Monday, April 5, 2010

as far as I know




I strain and fail to see it only in abstract terms. I don't want to keep going 'like, like, like'. But I can't stop myself.


If we take abstract here to mean that the thing is contained, unassailable, removed, so complete that it can't be described with "like" because it is like nothing but itself, then I wonder if Helen Garner's sensibility could be investigated in the light of the clash she is describing, which lies between that which is self-contained, on one hand, and the complications of human habit and human sprawl, which can't be kept out, on the other. Her books begin with ideas that can be stated quite neatly. You are a good woman. Your friend is dying. What do you do? You help her and keep her comfortable. Or. A man has died, apparently murdered. What should happen? The law should discover the person who did it. And then? Punish them. Or. A female student says that a male professor, sexually suggestive, has frightened her. What should happen? We should find out if she is telling the truth or not and judge both parties accordingly. And so on.

But once these ideas come off the page and enter the world, what happens to them? This is her question. In her non-fiction books she inserts herself in the situation to find out. (In The Children's Bach, a photograph of a nuclear family won't stay stuck to the wall.) She reports on it; she reports that is, on the world as she finds it -- and she is careful, with regular use of I think and I feel, to point out that these things are happening to her alone, in other words, they are experiences confined to herself, they are not universal. She writes about the gap between intention and action. I want to be a good friend. Very nice. How? I don't know. Let me see. She is an anecdotal journalist; anecdotes for her are a way of perpetually putting the idea of human fallibility in front of us. The narrator of these essays is the most fallible one of all. She undercuts herself. Humblest of writerly voices, at times she is too easily impressed. Her colleague is not the literary essayist but the video documentarian with her hand-held camera.
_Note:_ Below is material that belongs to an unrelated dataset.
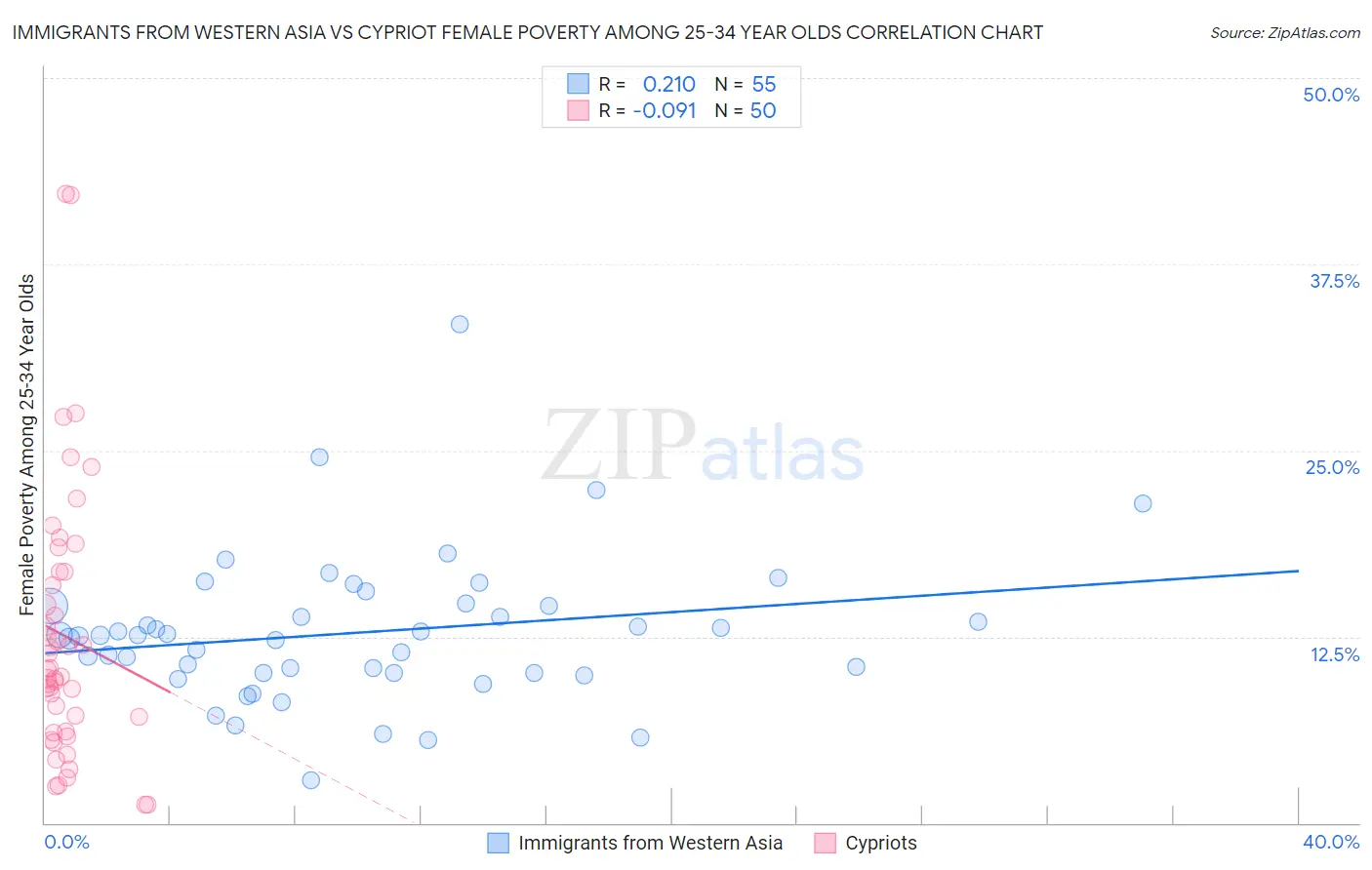 Immigrants from Western Asia vs Cypriot Female Poverty Among 25-34 Year Olds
Here's an example, not untypical. In "Das Bettelein", one of the essays in The Feel of Steel, she remembers a holiday she took in 1980 with a group of gay male friends. Garner recalls her opinion of them, and the recollection is unflattering -- unflattering to herself, not to the young men: she is making herself look severe, unfriendly, and two-faced.


Privately I disapproved of their obsession with fun, with youthful beauty and clothes and sex … in my heart I thought of them as moral lightweights.
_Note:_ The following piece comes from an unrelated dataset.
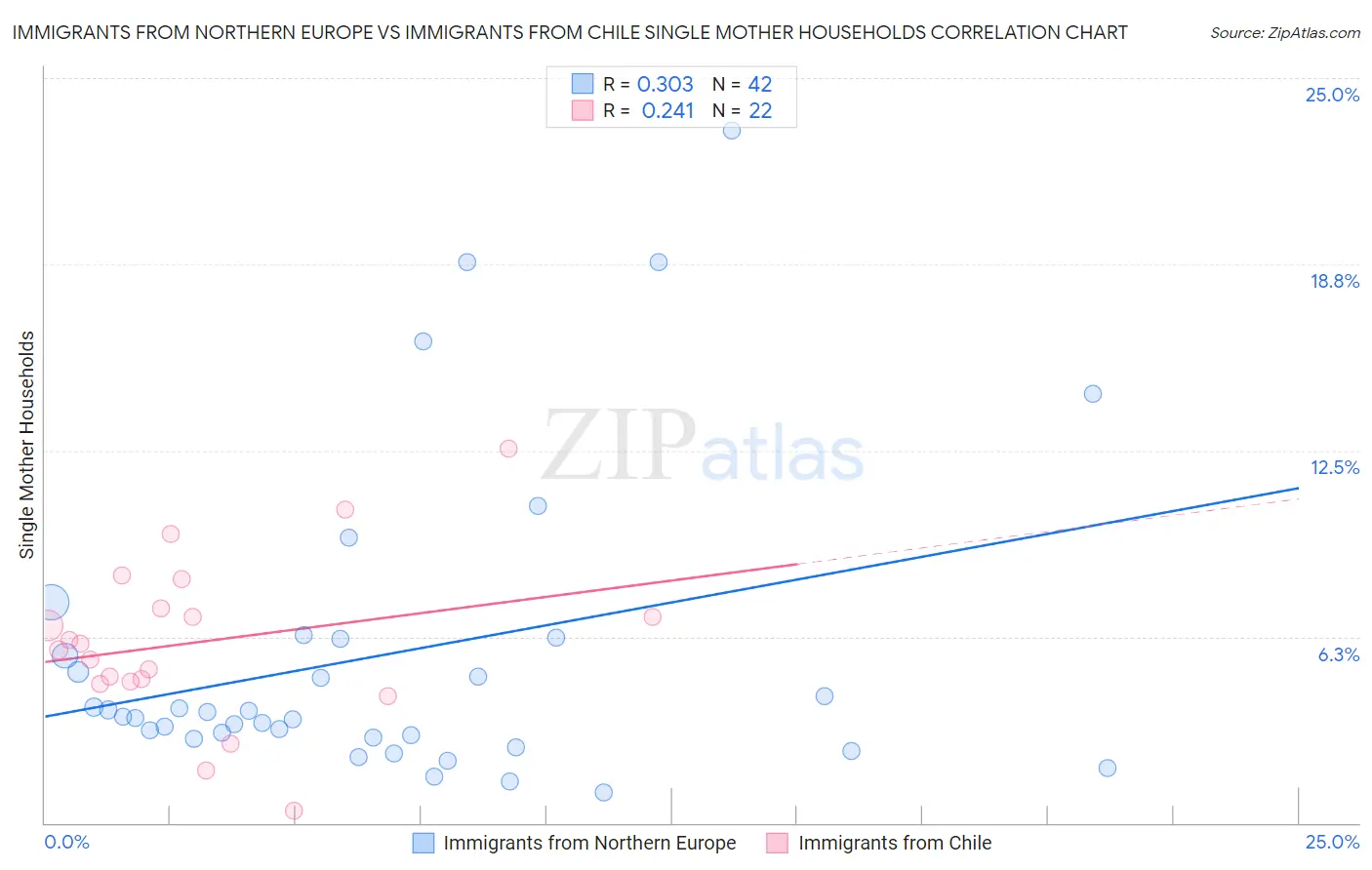 Immigrants from Northern Europe vs Immigrants from Chile Single Mother Households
An anecdote follows. She commits a small social cruelty, and they, shocked, tell her to set things right. Then the kicker, the sentence that bounces back against the word lightweights.


Twenty years later, as far as I know, only two of them are still alive.
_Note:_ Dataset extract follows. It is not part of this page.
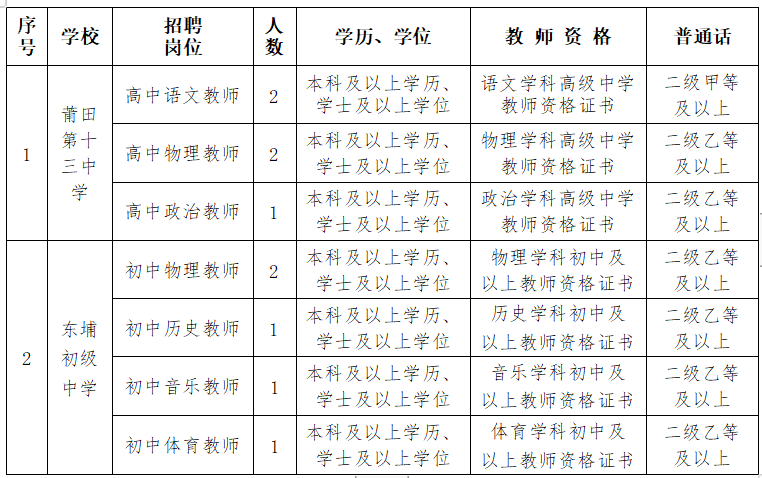 2024年5月7日成都高线报价最新价格多少钱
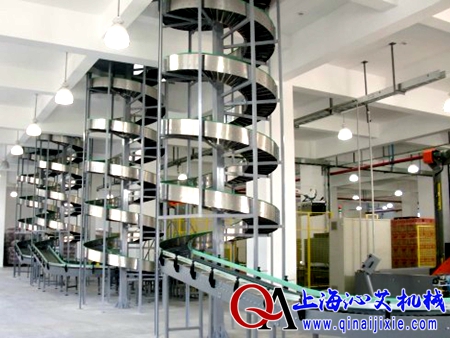 滾筒式螺旋輸送機 滾筒式螺旋輸送機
The fact that they told her to set things right does not cancel out her earlier judgment -- it's not as if moral lightweights don't judge people too -- and nor does the fact that two of the men are dead, but it places them all closer together, she is not above them, they are all on a similar moral plane, able to judge and be judged; they are all human, and humans, as she has reminded us, are never perfect. It's not the judgment she is calling into question -- the thing that pretends to be abstract -- but the high ground she thought she was standing on when she made it. If they, with their character flaws, really were moral lightweights then what was she? There is no answer. She ends the essay reminding herself to study a piece of music; obliquely the lesson is: life is always more complicated than we think; there is always more to learn. But, oh, oblique. Rarely does she end a piece of writing with a firm conclusion. She's more likely to propose a number of scenes and let the larger matter pause there, unresolved, suggestive, "because," she seems to silently say, "resolution is impossible, but -- suggestive -- everything is suggestive: the world is suggestive." The tangle is too great, and things go on and on, infinitely complicated, one thing leading to another, all connected by unpredictable circumstance as unaccountably as with like, like, like.







Weeks after I'd made this post I came across a review of a memoir written by a doctor who'd worked in various Aboriginal communities around Australia -- Garner helped him. The reviewer wrote:


I was puzzled by the staunchly episodic feel of the book, the continental meandering that brought [Howard] Goldenberg no closer to a resolution--a moral, if you will--that he could construct out of these many experiences. As I relaxed my expectations a bit, I began to appreciate the matter-of-factness of his retelling of these lives he has encountered in the course of his work. If this is not exactly a vehicle for Aboriginal people to tell their own stories, Raft at least provides something very like an objective portrait of the people he encounters. I began to respect the author for the simplicity of his reporting and to be grateful to him for his refusal to embellish.

In the acknowledgments that close the book, Goldenberg offers the briefest of explanations for this tone, noting that among his advisors in style was Helen Garner, who urged him "strenuously to publish the pieces she liked and to incinerate those sections -- 'posturing and rhetorical' -- that she did not. It is precisely that lack of an attempt at fiery moralizing that distinguishes Raft from many otherwise similar memoirs of encounters with remote Australia.


It sounds like the kind of advice she probably gives herself when she writes. Avoid posturing. Beware fiery moralizing. Do not embellish.